NOTES: please do not use pip install pydensecrf to install the incompatiable version. Use pip install git+https://github.com/lucasb-eyer/pydensecrf.git instead.

Preparation

1. Clone this repository.
2. Data preparation.
   • Download PASCAL VOC 2012 devkit following instructions in http://host.robots.ox.ac.uk/pascal/VOC/voc2012/#devkit.
   • Download saliency maps (PFAN) of VOC 2012 trainaug set in https://drive.google.com/file/d/19AjSmgdMlIZH4FXVZ5zjlUZcoZZCkwrI/view.
   • Then download the annotation of VOC 2012 trainaug set (containing 10582 images) from here and place them all as VOC2012/SegmentationClassAug/xxxxxx.png.
3. Download ImageNet pretrained backbones. We use ResNet-38 for initial seeds generation and ResNet-101 (DeepLab v2) for segmentation training. Download pretrained ResNet-38 weight from here and put it to network folder. Download pretrained ResNet-101 from https://download.pytorch.org/models/resnet101-5d3b4d8f.pth.

Experiment Guide

Step1: Initial Seed Generation with HSC.

1. Classification with HSC.

python train_voc.py  \
  --data_root $your_voc_image_data_root(VOC2012/images/JPEGImages) \
  --saliency_root $your_saliency_root \
  --session_name $your_session_name

Optional Parameters:

• --work_dir: inference saving directory (default: ./exps)
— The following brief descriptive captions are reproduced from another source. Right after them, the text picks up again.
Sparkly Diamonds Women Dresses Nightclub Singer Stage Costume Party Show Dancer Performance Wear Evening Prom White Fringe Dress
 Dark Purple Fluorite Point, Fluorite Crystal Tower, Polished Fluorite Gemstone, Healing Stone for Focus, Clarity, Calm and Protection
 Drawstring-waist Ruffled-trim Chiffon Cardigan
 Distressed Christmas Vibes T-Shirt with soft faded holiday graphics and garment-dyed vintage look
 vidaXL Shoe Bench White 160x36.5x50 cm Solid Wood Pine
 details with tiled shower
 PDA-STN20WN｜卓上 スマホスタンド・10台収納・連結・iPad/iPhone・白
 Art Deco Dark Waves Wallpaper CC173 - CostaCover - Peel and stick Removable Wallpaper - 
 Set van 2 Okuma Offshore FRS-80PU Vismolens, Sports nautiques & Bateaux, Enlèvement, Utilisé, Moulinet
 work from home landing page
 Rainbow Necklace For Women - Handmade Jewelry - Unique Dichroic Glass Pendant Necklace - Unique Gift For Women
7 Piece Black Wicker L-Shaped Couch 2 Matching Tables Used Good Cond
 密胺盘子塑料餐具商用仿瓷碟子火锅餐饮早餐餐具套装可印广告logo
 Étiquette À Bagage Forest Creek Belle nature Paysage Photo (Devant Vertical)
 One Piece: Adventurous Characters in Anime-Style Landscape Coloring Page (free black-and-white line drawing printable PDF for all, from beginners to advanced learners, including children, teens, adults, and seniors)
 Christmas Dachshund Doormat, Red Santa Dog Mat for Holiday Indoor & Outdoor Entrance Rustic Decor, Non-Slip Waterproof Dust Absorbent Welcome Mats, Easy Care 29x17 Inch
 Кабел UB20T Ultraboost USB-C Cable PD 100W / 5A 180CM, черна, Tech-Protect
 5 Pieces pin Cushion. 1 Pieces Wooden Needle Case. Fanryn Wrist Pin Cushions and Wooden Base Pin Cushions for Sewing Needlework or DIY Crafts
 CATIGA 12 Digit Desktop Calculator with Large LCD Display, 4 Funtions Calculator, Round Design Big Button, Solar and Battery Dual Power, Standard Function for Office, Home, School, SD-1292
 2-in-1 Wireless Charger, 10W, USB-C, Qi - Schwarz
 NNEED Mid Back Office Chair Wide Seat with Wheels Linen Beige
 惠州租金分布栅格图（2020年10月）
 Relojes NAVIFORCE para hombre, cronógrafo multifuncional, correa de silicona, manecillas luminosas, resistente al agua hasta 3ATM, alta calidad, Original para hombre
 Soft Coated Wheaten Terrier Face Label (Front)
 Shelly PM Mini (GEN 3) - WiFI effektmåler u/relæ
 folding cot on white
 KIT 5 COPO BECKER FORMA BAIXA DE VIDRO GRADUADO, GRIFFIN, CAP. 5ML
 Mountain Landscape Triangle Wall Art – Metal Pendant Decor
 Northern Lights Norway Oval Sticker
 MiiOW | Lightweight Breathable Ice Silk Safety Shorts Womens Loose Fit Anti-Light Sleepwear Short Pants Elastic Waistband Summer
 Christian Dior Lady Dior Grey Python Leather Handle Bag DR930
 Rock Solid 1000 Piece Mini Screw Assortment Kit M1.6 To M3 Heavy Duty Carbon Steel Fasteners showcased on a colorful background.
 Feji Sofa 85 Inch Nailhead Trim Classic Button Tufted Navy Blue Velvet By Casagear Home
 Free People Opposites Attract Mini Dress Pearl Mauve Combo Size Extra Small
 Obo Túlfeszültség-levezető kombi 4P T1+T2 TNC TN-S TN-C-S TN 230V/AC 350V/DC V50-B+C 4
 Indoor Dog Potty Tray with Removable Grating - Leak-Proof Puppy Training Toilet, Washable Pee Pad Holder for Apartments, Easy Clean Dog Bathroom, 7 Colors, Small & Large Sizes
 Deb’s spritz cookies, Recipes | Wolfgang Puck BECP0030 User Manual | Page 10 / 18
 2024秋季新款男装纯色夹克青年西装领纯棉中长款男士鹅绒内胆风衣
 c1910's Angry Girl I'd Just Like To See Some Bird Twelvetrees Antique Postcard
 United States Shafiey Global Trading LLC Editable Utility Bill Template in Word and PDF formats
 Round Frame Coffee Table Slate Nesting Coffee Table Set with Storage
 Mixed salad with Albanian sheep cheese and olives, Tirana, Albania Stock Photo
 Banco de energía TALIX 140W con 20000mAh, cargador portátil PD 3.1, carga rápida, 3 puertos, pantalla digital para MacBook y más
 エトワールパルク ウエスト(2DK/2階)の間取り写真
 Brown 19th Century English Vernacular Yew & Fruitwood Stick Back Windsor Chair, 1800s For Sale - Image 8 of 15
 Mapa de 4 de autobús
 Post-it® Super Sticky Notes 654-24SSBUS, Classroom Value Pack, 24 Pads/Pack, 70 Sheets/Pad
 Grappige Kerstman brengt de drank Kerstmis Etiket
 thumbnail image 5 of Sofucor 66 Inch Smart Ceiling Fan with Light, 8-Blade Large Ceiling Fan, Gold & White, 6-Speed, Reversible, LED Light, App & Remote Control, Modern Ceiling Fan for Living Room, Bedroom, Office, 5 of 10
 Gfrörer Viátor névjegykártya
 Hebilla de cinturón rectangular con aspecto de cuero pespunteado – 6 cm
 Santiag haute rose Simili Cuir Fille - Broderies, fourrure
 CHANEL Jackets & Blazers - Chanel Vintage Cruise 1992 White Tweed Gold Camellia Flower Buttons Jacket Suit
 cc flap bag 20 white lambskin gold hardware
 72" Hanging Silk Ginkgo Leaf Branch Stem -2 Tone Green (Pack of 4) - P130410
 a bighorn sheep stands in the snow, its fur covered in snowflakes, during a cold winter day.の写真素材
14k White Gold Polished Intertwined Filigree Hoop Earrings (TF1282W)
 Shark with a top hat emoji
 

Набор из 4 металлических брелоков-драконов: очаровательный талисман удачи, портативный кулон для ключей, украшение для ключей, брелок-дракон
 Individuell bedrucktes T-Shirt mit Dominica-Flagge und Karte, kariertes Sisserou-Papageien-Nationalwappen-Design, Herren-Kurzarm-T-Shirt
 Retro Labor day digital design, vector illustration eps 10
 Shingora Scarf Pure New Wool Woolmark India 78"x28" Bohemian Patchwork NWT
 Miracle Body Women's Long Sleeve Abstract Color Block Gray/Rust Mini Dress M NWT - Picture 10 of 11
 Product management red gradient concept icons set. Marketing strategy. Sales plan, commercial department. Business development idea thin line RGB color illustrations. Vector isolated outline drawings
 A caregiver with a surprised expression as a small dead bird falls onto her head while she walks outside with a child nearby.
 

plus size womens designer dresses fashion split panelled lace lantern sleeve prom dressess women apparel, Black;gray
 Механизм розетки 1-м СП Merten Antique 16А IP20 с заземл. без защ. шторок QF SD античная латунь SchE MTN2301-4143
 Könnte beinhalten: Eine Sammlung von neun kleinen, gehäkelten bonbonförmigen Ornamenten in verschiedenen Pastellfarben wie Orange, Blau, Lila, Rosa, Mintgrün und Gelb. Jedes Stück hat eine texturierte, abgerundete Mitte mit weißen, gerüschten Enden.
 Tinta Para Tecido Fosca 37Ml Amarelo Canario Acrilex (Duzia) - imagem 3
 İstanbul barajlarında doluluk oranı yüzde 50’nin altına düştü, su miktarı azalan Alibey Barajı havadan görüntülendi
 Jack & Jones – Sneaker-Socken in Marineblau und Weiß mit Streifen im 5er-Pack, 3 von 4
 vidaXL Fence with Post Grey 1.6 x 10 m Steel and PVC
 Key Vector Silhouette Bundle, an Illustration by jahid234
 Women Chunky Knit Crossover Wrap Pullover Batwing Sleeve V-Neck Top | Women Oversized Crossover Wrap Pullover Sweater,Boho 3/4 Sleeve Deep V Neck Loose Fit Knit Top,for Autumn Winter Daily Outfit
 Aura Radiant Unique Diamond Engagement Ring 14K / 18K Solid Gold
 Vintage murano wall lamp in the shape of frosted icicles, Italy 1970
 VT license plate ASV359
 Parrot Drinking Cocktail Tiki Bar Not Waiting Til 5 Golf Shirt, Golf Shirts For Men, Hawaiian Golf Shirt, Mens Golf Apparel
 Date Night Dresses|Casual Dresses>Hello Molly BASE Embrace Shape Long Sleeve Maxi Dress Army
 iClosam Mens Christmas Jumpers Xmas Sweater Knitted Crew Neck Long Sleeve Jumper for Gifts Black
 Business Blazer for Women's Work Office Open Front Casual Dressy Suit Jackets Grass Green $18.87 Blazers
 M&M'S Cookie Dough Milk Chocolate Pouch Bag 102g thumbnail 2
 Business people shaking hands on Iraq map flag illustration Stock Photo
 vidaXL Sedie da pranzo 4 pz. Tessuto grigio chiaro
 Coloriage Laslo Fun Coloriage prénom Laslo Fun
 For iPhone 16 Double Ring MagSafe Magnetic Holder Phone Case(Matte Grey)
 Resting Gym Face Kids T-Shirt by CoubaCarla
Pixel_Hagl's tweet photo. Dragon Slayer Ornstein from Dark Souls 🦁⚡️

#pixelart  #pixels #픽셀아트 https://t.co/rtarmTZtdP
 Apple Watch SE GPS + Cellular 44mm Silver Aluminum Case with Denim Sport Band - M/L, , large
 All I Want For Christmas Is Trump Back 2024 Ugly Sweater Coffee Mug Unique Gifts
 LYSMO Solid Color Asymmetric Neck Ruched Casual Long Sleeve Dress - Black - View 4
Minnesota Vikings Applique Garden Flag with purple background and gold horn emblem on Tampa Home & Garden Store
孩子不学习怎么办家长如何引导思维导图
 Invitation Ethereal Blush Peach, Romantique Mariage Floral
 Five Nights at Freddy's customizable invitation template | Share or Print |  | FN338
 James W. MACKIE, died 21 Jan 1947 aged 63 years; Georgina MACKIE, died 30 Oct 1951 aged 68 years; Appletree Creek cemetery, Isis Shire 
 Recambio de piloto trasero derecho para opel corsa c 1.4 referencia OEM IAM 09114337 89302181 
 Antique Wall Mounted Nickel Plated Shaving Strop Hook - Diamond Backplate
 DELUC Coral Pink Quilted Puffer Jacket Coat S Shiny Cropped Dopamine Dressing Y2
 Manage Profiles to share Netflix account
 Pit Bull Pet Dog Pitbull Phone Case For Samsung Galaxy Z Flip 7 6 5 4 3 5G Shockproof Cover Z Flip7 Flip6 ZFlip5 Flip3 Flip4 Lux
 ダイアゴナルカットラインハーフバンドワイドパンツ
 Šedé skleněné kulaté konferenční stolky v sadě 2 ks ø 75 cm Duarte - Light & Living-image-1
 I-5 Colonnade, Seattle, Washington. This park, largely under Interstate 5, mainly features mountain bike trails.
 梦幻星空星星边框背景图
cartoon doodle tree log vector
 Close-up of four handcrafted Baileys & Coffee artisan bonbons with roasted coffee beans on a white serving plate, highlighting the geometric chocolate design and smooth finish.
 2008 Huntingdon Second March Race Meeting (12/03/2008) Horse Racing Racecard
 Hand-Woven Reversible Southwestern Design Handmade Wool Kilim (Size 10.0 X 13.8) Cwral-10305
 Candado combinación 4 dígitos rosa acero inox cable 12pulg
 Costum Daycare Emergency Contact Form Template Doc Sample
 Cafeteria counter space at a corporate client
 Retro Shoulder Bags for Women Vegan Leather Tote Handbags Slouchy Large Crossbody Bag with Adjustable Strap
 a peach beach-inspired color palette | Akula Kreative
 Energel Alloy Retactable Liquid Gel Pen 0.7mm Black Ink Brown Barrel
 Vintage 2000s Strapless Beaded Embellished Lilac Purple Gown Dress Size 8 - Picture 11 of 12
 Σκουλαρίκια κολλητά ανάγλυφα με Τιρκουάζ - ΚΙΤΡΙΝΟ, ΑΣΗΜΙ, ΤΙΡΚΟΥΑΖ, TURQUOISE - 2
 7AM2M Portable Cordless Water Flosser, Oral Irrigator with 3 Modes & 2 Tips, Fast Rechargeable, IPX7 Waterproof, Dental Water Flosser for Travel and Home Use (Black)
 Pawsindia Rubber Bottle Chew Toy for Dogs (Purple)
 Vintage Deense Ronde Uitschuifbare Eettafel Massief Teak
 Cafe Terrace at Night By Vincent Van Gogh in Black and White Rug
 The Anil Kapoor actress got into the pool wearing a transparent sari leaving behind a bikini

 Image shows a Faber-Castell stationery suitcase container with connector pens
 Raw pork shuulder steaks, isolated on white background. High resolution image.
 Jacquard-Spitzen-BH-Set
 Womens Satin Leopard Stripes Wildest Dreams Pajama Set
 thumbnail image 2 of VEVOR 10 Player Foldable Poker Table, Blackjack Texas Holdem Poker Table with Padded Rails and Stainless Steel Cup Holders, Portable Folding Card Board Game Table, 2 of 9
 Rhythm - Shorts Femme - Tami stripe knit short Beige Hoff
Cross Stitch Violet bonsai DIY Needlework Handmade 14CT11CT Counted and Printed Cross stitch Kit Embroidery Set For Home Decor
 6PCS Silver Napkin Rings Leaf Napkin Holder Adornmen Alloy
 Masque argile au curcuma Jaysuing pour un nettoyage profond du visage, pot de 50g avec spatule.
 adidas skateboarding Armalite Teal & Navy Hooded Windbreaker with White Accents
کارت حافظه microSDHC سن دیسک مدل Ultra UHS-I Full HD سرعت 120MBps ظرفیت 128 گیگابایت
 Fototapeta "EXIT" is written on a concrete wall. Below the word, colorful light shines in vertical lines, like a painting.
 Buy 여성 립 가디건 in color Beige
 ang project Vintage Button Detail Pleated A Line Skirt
NOTE: Our tain model can be downloaded here (HSC_eps_v2.pth).

2. Infer CAM with CRF.

Download the our trained model (HSC_eps_v2.pth) or train from scratch, set --weights and then run:

python inference.py \
  --weights $your_trained_model_weight \ 
  --img_root $your_voc_image_data_root(VOC2012/images/JPEGImages) \
  --infer_list $[data/voc12/val.txt | data/voc12/train.txt | data/voc12/train_aug.txt] \
  --n_gpus 1 \
  --n_processes_per_gpu 1 \
  --crf_t 8 \
  --crf_alpha 7

Optional Parameters:

• --thr: the background CAM threshold (default: 0.22) *
• --work_dir: inference saving directory (default: exps)
• --cam_png: output cam (.png) directory (default: work_dir/cam_png)
• --cam_npy: output cam (.npy) directory (default: work_dir/cam_npy)

NOTE:

• *The inference script will also generate the pseudo-label (.png) with the fixed background threshold (default: 0.22). Your can directly evaluate them in the next step of CASE #1.
• You can set n_gpus=N if you have multiple gpus for inference.
• You can adjust the n_processes_per_gpu to boost the inference time (if GPU memory is sufficient)
• The CAM (.png) and CAM (.npy) of the train set (evaluate) and trainaug set (train the segmentation model) can be downloaded here (cam_inference).

3. Evaluation.

CASE #1: For the psuedo-labels (.png) with the fixed background threshold:

python eval.py \
	--gt_dir $your_voc_gt_dir (VOC2012/SegmentationClassAug) \
	--predict_dir $your_cam_png_dir \
	--logfile $your_log_file_name
	--comment $your_comment \
	--type png \
	--curve False

CASE #2: Following SEAM, we recommend you to use --curve to readjust an optimial background threshold to generate the optimal pseudo-labels if you modify our framework:

python eval.py \
  --predict_dir $your_result_dir \
  --gt_dir VOC2012/SegmentationClass \
  --logfile $your_log_file_name
  --comment $your_comments \
  --type $[npy | png] \
  --curve True

NOTE:

• The evaluation results will saved in “logfile” with your “comment”
• Following previous works, we just use train set (not the trainaug set) to evaluate the CAM (pseudo-label) performance.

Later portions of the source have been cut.